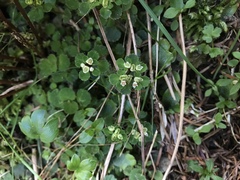 Chrysosplenium hebetatum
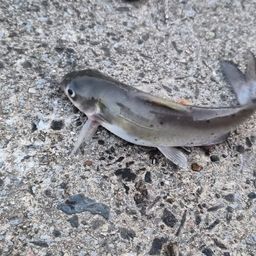 アメリカナマズ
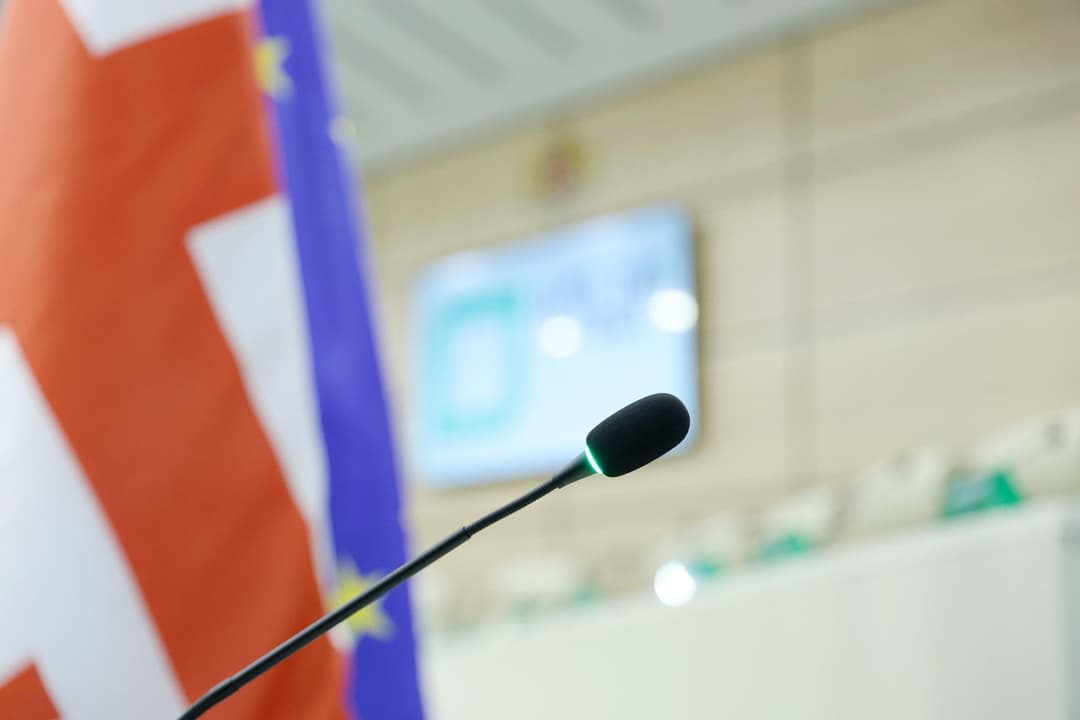 Law amendments grant Georgian Central Election Commission chair, members right to carry weapons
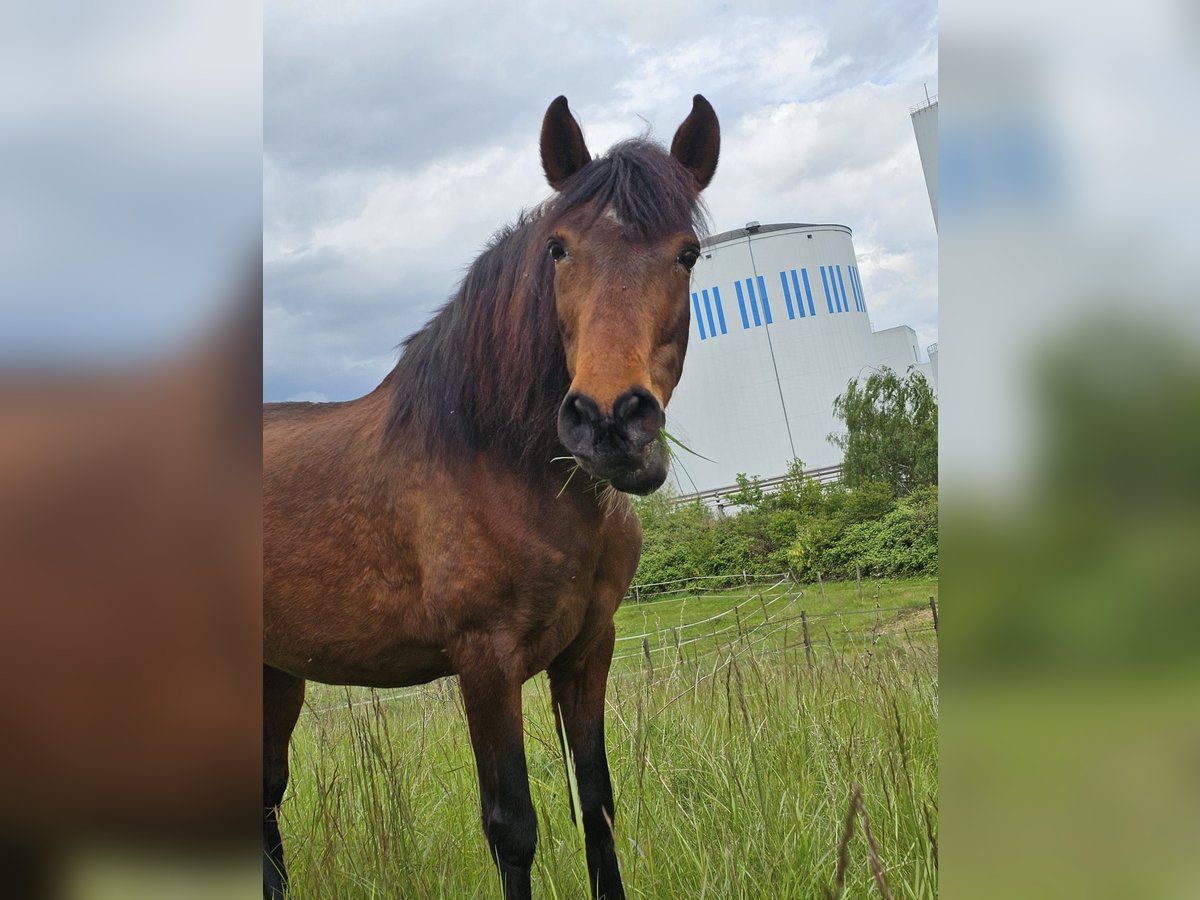 PRE Mix Wallach 17 Jahre 154 cm Brauner in Jülich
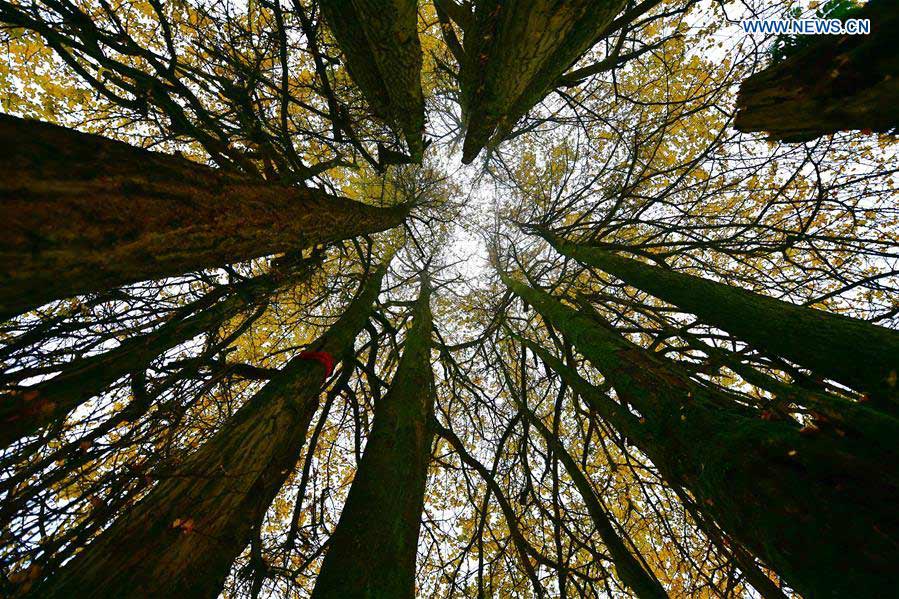 #CHINA-HUBEI-XUAN'EN-GINKGO TREE (CN)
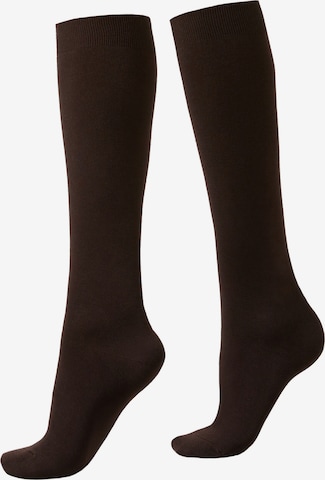 CALZEDONIA Socks in Brown: front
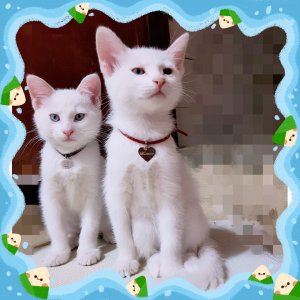 고양이 실종 터키시앙고라 서울특별시 동작구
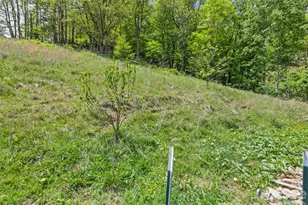 3607 Max Patch Rd, Clyde, NC 28721 - Photo 10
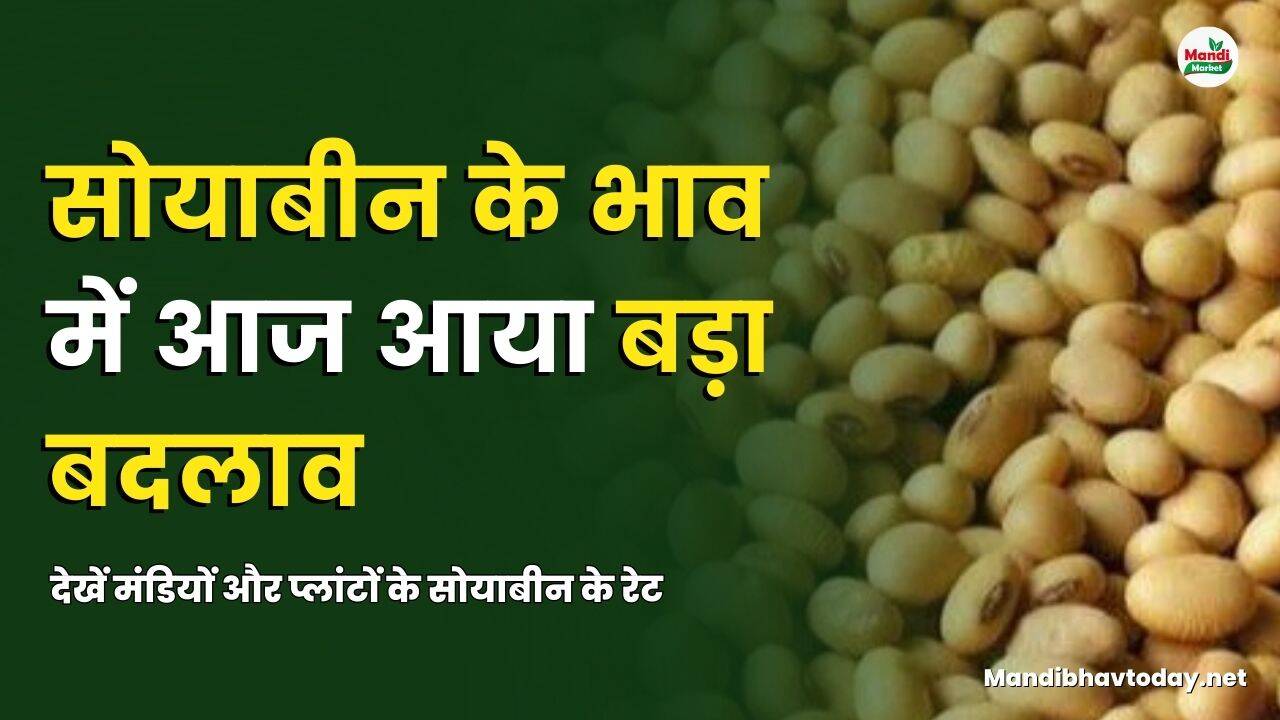 सोयाबीन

==========

### WORK TO COMPLETE
Restate, exactly as they appear, the line with "PRE Mix Wallach" and all the lines after it up to the end of the data above; images do not belong in the copy.

### ANSWER FOR THIS EXERCISE
 PRE Mix Wallach 17 Jahre 154 cm Brauner in Jülich
 #CHINA-HUBEI-XUAN'EN-GINKGO TREE (CN)
 CALZEDONIA Socks in Brown: front
 고양이 실종 터키시앙고라 서울특별시 동작구
 3607 Max Patch Rd, Clyde, NC 28721 - Photo 10
 सोयाबीन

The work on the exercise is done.